> [What the exercise asks]: Starting at the line that contains "Nature Pika Builds" and stopping at the line that contains "Dải phân cách", restate each line of the records below exactly. Omit the pictures.

> [Supplied information]:
____________

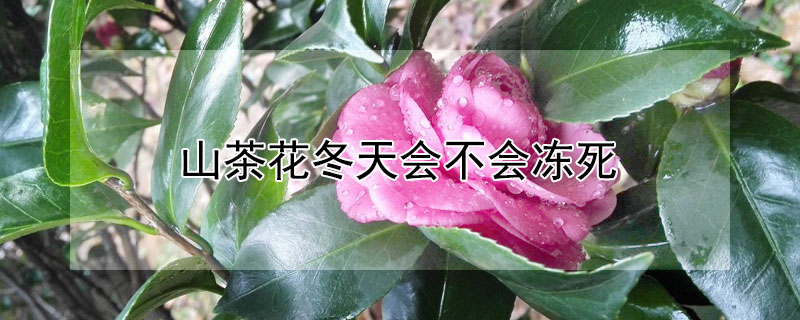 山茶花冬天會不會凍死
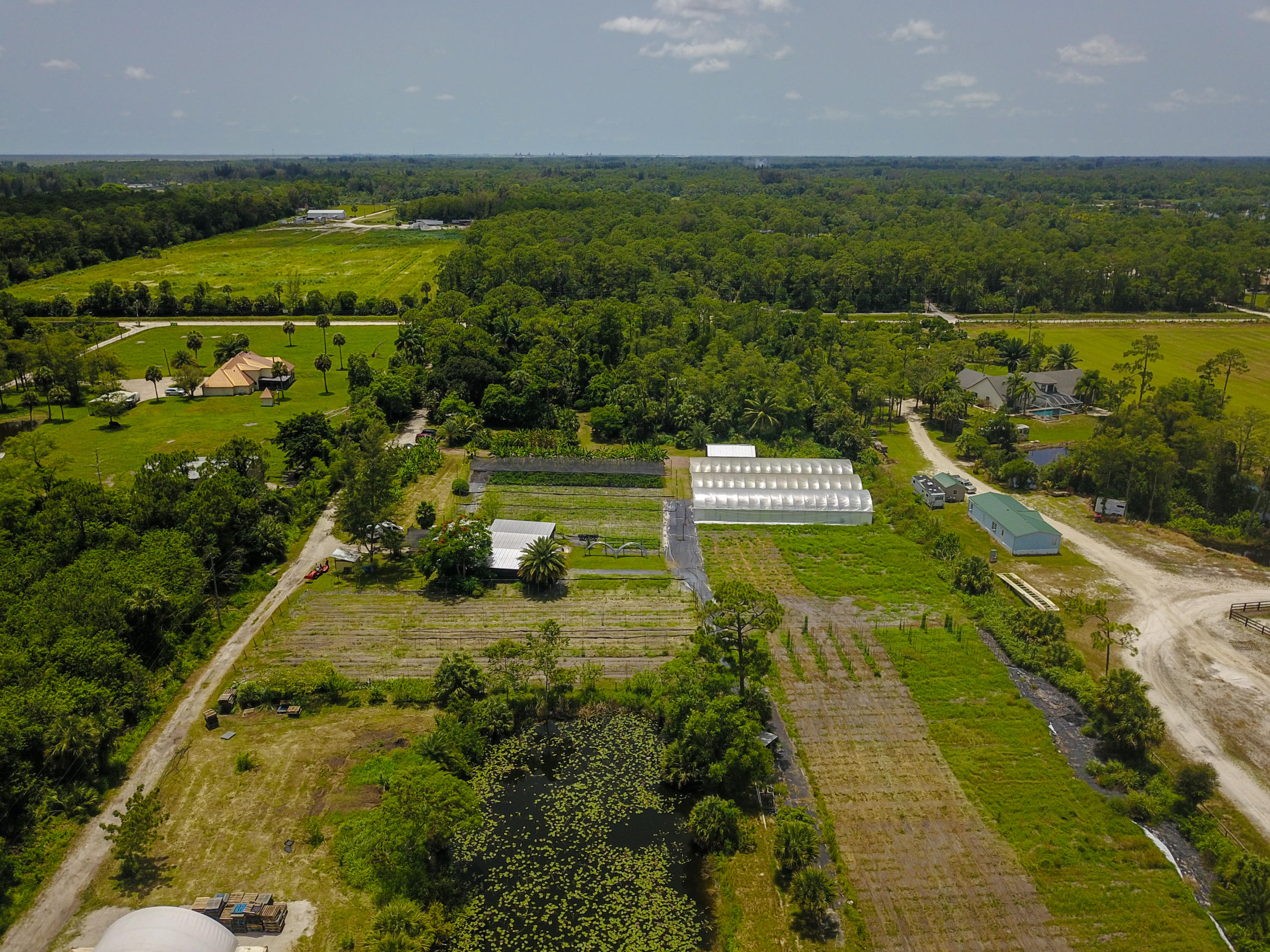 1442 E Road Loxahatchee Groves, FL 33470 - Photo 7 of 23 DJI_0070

____________

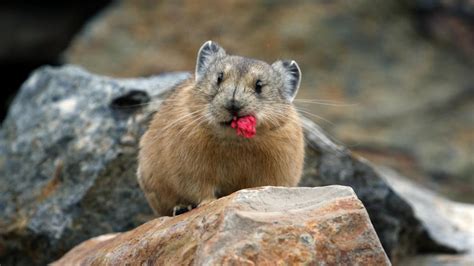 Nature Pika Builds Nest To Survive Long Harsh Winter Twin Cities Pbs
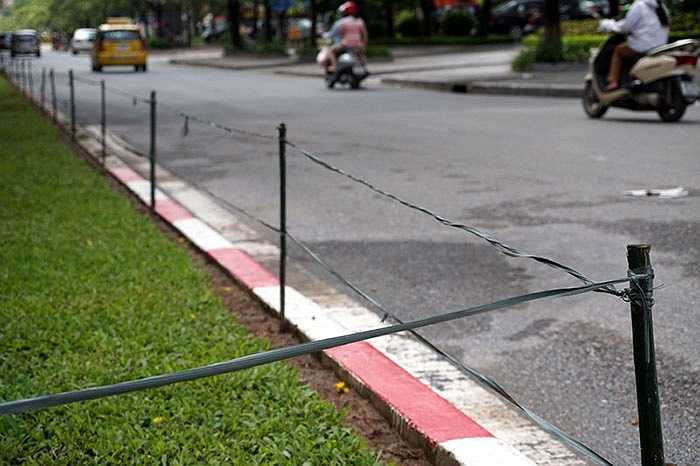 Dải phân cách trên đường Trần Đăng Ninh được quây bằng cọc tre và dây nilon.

____________

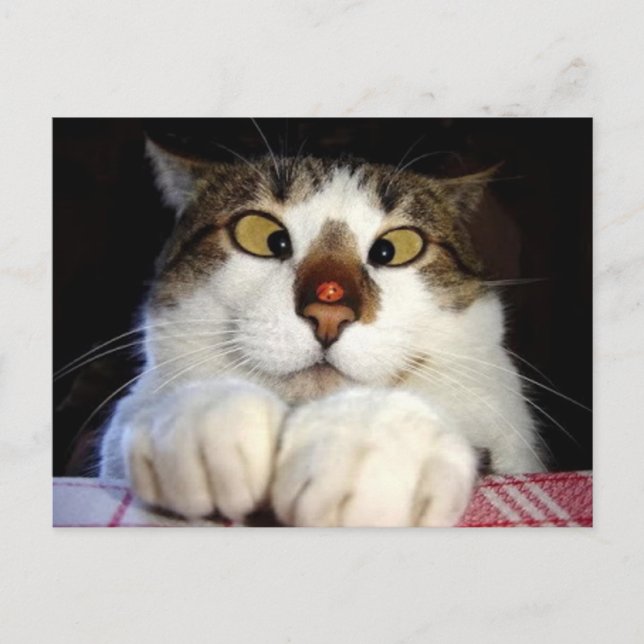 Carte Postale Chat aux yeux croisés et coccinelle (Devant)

____________

> [Output for this task]:
 Nature Pika Builds Nest To Survive Long Harsh Winter Twin Cities Pbs
 Dải phân cách trên đường Trần Đăng Ninh được quây bằng cọc tre và dây nilon.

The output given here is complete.